Write a training code for a similar training as in the tutorial, but without the pytorch_lightning library.
The code where I made the training loop without using PytorchLightning can be found inside "utils/trainer_class.py" under the Trainer class inside the training_loop function.
It is possible to run the code as a single command line script using "main.py" and the possible flags can be seen in the "Usage" section above.
In the training loop use the automatic mixed precision from Pytorch (with autocast and GradScaler) in order to train with FP16 precision instead of the default FP32.
If you want to start the training using mixed precision, you just have to run the code with the code setting up the flag for it python main.py -mixed_precision True
. Here are the parts where this is implemented
In the training setup, the scaler is defined, however the argument "mixed_precision" enables the scaler or not so during the training this remains flexible. In the training loop we can use the context manager "with torch.cuda.amp.autocast(); even here it is used only if it is enabled, otherwise it doesn't use it. Finally when performing the backward pass, only if the scaler is enabled, the gradients are scaled to prevent gradient underflow.

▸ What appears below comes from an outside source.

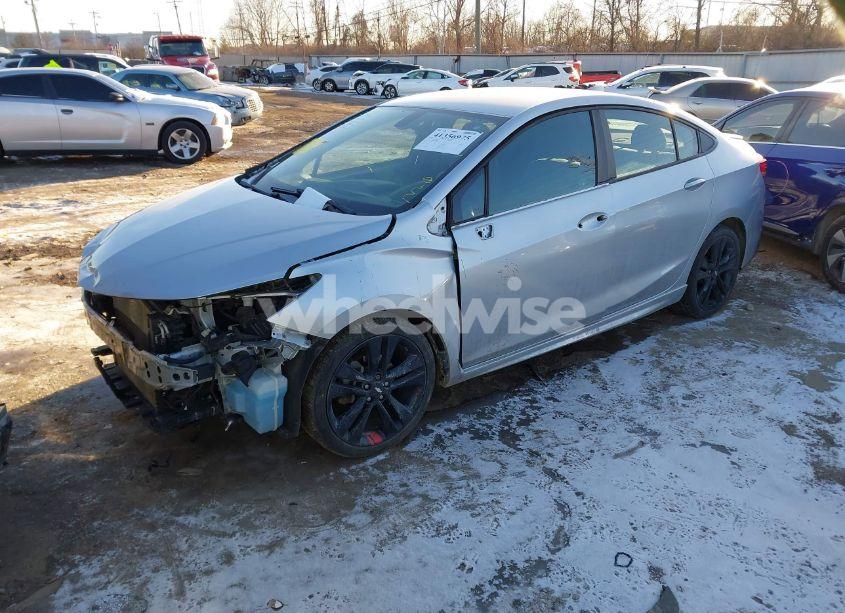 Photo 2 of 2017 Chevrolet Cruze LT AUTO (VIN 1G1BE5SMXH7260666)
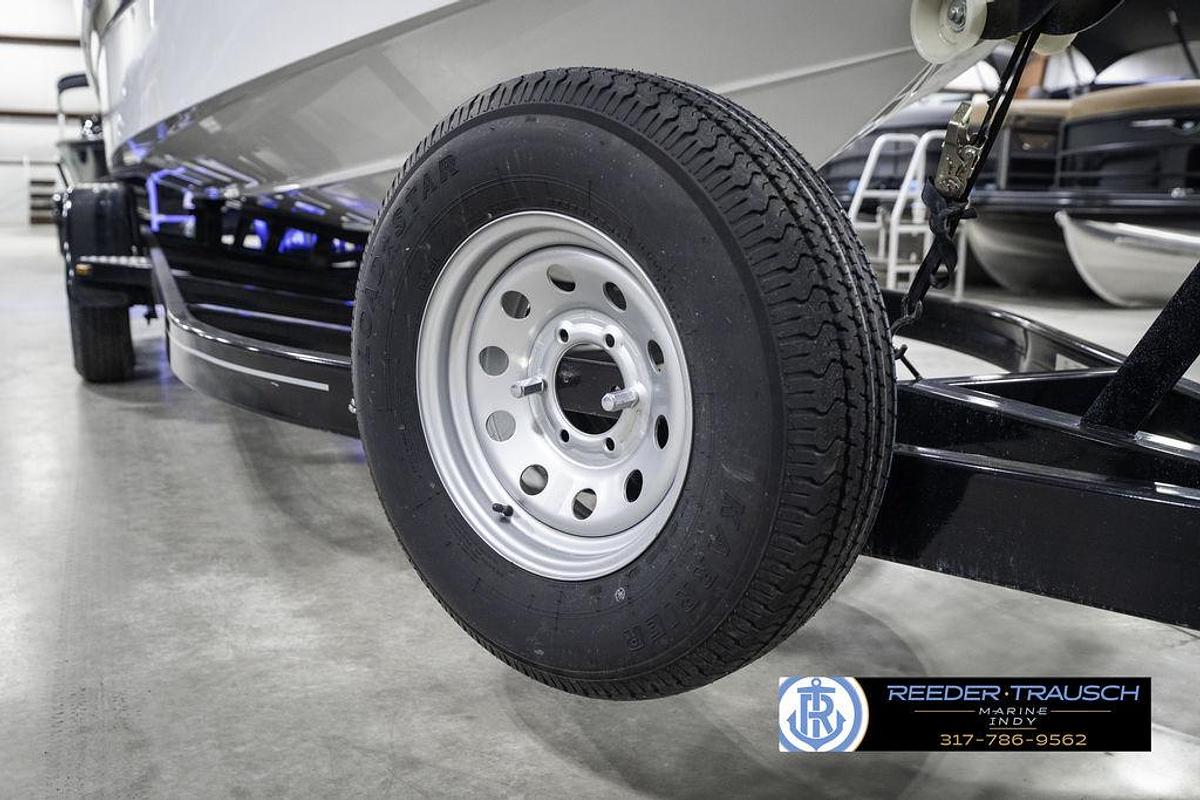 Used 2021 Four Winns H260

Implement an option to perform a fine-tuning strategy: load a previously saved model, or start from random weights, and freeze all layer parameters for the Unet model except the last classification layer.
This is implemented inside the Trainer class in the training_setup function.
In order to start the training from a chekpoint, it is simply necessary to set up an argument in the argparser (or config file in the .ipynb) called "train_from_checkpoint" python main.py -train_from_checkpoint YOUR_CKPT_PATH
, if it is left as None, then the weights are randomly initialized, else they are loaded from the checkpoint path.
If instead you want to perform fine-tuning, you just have to setup the flag "fine_tune" as True when running the code python main.py -fine_tune True
. As seen in the picture below, the last 2 layers of weights (corresponding to the last convolutional layer and its bias) are frozen (setting the flag "requires_grad" to False).
Because we used a strong data augmentation strategy (thanks to Torchio), the dataset length does not need to be equal to the real length. Indeed, in the nnUnet paper they proposed to train always with the same scheme : 1000 epoch of 250 iterations.
Make the necessary changes so that the training epoch is always Nit iterations (i.e. Nit*batch size training volumes).
The proposed solution consists in adding a flag called "Nit", if is None, then all the batches for each epochs are run, otherwise the model will run only the set number of iterations (eg. python main.py -Nit 8
will run only 8 iterations/batches per epoch).
To make sure that all samples have equal probabilities of being chosen I added the flag shuffle=True
to the train_dataloader
function inside "utils.data_class.py"; this ensure that samples are always shuffled before making the batches and hence they have the same probability of being chosen even if not all the batches are processed in the epoch.